Indian Railway Classes
For anyone new to Indian Railways, there’s a whole range of different train classes which you need to get your head around. They range from expensive, reasonably-comfortable and quick… to cheap, downright slow and miserable.
The 8 classes break down as follows:
♦ Air-conditioned first class (AC1 or 1A)
♦ Air-conditioned 2-tier (AC2 or 2A)
♦ Air-conditioned 3-tier (AC3 or 3A)
♦ First class (FC)
♦ AC Executive chair class (EC)
♦ AC Chair class (CC)
♦ Sleeper Class (SL)
♦ 2nd class seats (2S = reserved or II = unreserved)
Not all classes are available on all routes. The rule of thumb is to go for AC1, AC2 or AC3 (in that order) whenever there are seats available. The other classes become grubbier and more uncomfortable as you go down the list.
The majority of cars on long-distance trips are Sleeper class. However, the name is deceptive: These trains are grimy and often crammed full – You’re unlikely to sleep, and may not even get to sit down.
If the list is a bit confusing, there’s a really useful website resource on all things to do with Indian trains – The Man in Seat 61.

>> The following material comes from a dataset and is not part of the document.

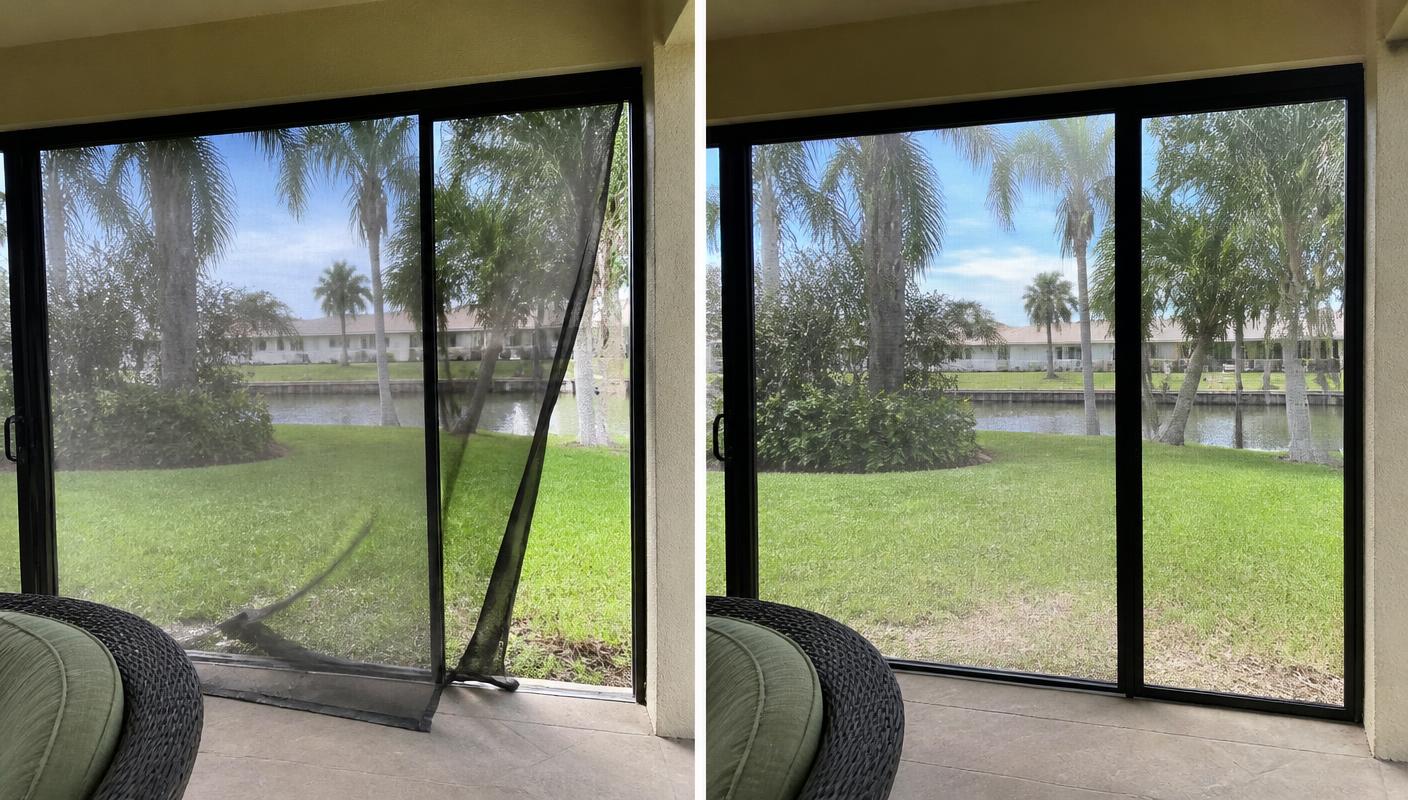 Before and after of a sliding screen door on a Boynton Beach lanai: left shows sagging torn mesh pulled from the frame, right shows a new tight screen door with a straight frame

So, when we headed off to Varkala train station we were looking forward to a reasonably pleasant 4-hour journey to Kochi on our pre-booked AC2 Rajdhani Express.
In India things often don’t go according to plan
We got to the station with a good hour to spare before our train was due.
As I walked past the Station Master’s office I saw the notice: A lot of unfamiliar numbers and codes, but the one thing I could make out was the train number – 12625 – and the handwritten text Cancelled.
This was the start of a 3-hour process of trying to claim a refund on our unused ticket and booking another train. Each step of the process involved queueing at a different booth (where queueing isn’t a concept that’s well understood).
After a while, we discovered we couldn’t claim our 2,000 rupees on the cancelled ticket because it was booked through a Travel Agent’s account in Kovalam – only the Travel Agent could make the claim.
Well, we weren’t going back to Kovalam, so goodbye to that.
We then found out that, of course, all reserved seats on the next train were sold out (there was even a waiting list – see The Man in Seat 61). If we wanted to travel today, the only option was to buy Sleeper Class tickets on a train due to leave in 2 hours time.
We already had our guesthouse booked in Kochi for that evening, so with no alternative we decided to embrace the horror, and bought 2 Sleeper Class tickets for 120 rupees each (€1.70).
Indian Railways Sleeper Class – It’s not for wimps
As the time approached for our train to arrive, the platform got more and more crowded. There was quite a crowd assembled as a long, grimy train with open window grates and dozens of Sleeper cars pulled into the station.
Even before it stopped, we could see that the Sleeper cars were already jammed full of people – most of them standing up.
We fought our way onboard, hauling our unwieldy rucksacks behind us.
Like all the others, our coach had standing room only. It looked like we were in for an unpleasant 4 hours or so. We were the only foreigners onboard – the few other foriegners we’d seen on the platform were no doubt in the limited pre-booked AC coaches.
The thing that struck me the most about our coach was the way the locals occupied the available seats and benches. Long benches easily comprised half of the available seating. They were all occupied by men, with legs stretched out, sleeping.
They seemed oblivious to the hoards of passengers, many of the them women both old and young, who were standing uncomfortably in the aisles. Each bench could easily have accommodated 3 or 4 passengers, if these guys bothered to sit up and make room.
This seems to be just the way things are in India: Men first, and little empathy for the rest.
The train made lots of stops with people getting on and off, so we were eventually able to snatch a couple of seats for ourselves. This was really welcome. Standing in the aisle for an hour was tiring, with hawkers constantly trying to squeeze past lugging huge baskets of goods.
The journey actually took 5 hours.
When we finally arrived at Ernaculum Town station in Kochi it was getting close to dusk. However we still had another 1 hour journey to take us to our guesthouse in Fort Kochi.
We’d survived our first train journey of the trip, but it wouldn’t be the last (nor necessarily the worst).